Gabanelli, il finto giornalismo neutrale e la Rai che è in mano a tutti. Tranne che al Cda
Il consigliere Guelfo Guelfi al Foglio: “Milena voleva lo spazio che fu di Enzo Biagi, che a distanza di anni è un po’ tutti noi ma che allora rappresentava egregiamente l’intenzione per bene di chi governava il nostro Paese”
Al direttore,
un premio Pulitzer smonta la grande fake tesi sul giornalismo obiettivo spiegando così la crisi di pianto di Milena Gabanelli ed un’altra cosa che riveste una certa importanza. Procedo ripetendomi un po’ ma non se ne può fare a meno. Ci ripromettevamo di migrare da un mondo a quell’altro. Dal mondo della subordinazione diretta alle correnti di partito a quello dell’iperspazio di una media company. Processi produttivi che diventavano parte di piani editoriali, distribuzione multipiattaforma, trasversalità nella valorizzazione di prodotti delle reti associate. Prelievo ed elaborazione delle notizie riassemblate poi per rete, per canale, per target. Un grande sistema coeso, pubblico, di servizio. Un'utopia alla vigilia di un confronto elettorale che avrebbe dovuto scegliere un futuro migliore in un contesto peggiore. Basti pensare al fatto che per la prima volta nella storia di questo paese la ripresa economica, ancorché non all’altezza di veri miracoli economici, comunque maggiore e più significativa dei risultati tedeschi o spagnoli, viene trattata come Cenerentola, quando il ciambellano le cercava il piede, relegata in uno scantinato. Si sente solo l’eco di un pianto, la voce insistente dell’eroico Marco Fortis.

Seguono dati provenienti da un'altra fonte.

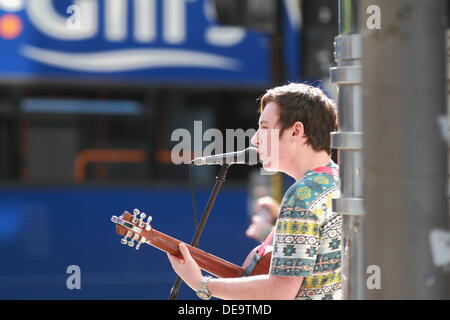 Un jeune homme musicien ambulant chante et joue de la guitare acoustique à la foule dans le centre-ville de Glasgow, Écosse, Royaume-Uni Banque D'Images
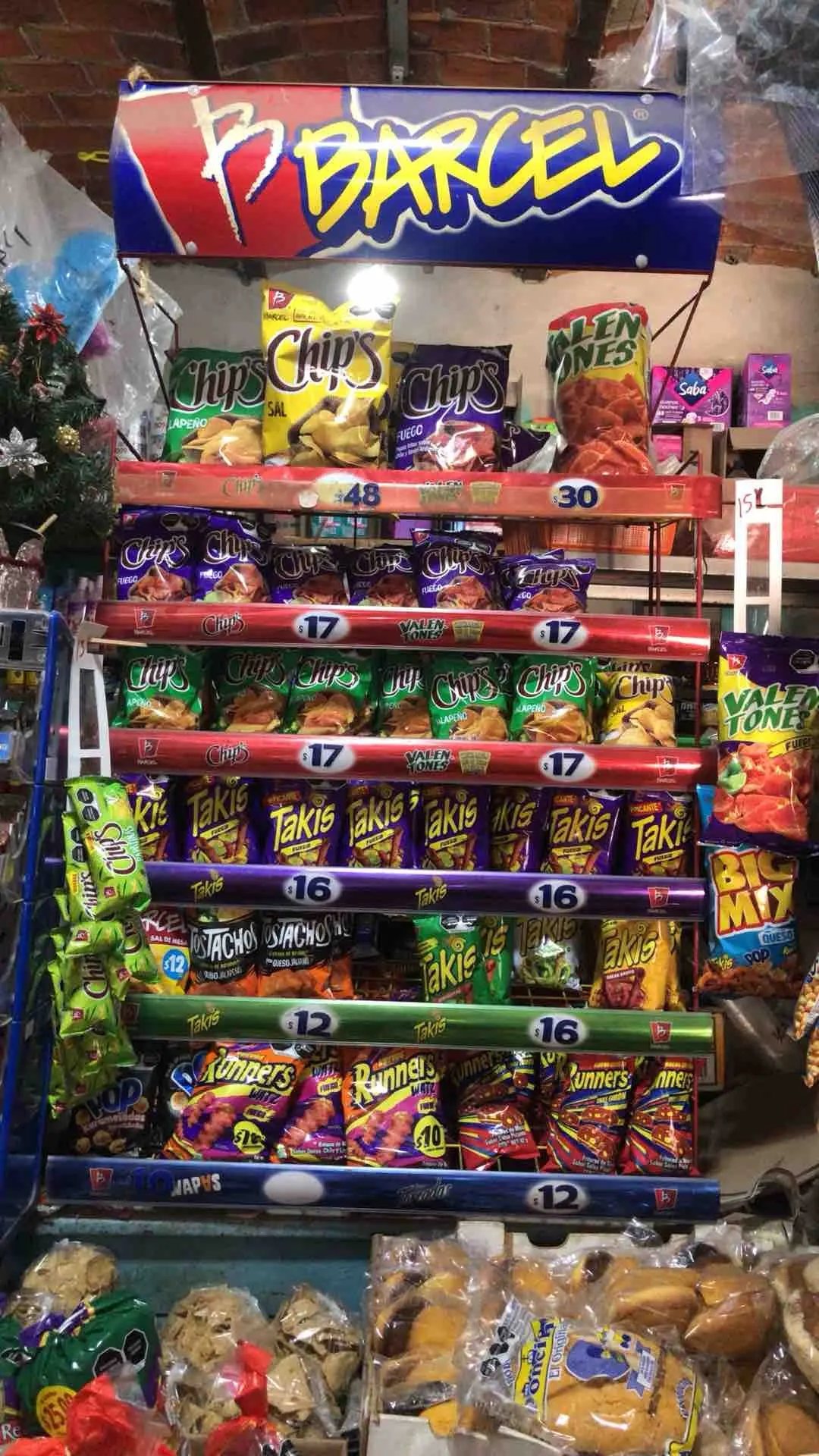 Chaotic traditional store display packed with crisps and snacks across multiple brands and price points.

In quell’approccio visionario Milena accettò la vicedirezione del progetto digital. Ma le avevano promesso di più – dirà qualcuno – il fatto è che la promessa esplose insieme alla premessa e di quel mondo non resta niente. L’unico in piedi resta il consiglio d’amministrazione della Rai sulla cui testa scorrono veloci gli strali piccosi di Michele Anzaldi e le nubi del vecchio e del nuovo ordinamento. Oggi, girata pagina, la Rai è in mano a Mario Orfeo che ha in chiusura un contratto di servizio e qualche mese di tempo per produrre un nuovo piano per l’informazione. Avremmo potuto credere che si rimanesse ancorati al legno e che la codirezione, 40 giornalisti, fossero sufficienti a trattenere in casa Milena che invece rilancia e chiede qualcosa di più, una quisquiglia. 4 minuti in chiusura del Tg1, e da sottrarre ai Soliti Ignoti. Lo spazio che fu di Enzo Biagi, che non fu mai di Indro Montanelli e tanto meno di Italo Moretti. Fu di Enzo Biagi che a distanza di anni è un po’ tutti noi ma che allora rappresentava egregiamente l’intenzione per bene di chi governava il nostro Paese. Non era prevista la neutralità. Ora anche volendo far finta di non capire è evidente che il Consiglio di Amministrazione della Rai chiamato alla responsabilità di indirizzo e di congruità potrebbe aver qualcosa da obiettare. Ma tutto si svolge sulla carta stampata: se la dicono e poi ridicono e noi aspettando che qualcuno ci rivolga la parola arriveremo alla fine del nostro mandato ma onestamente non sappiamo né come, né quando.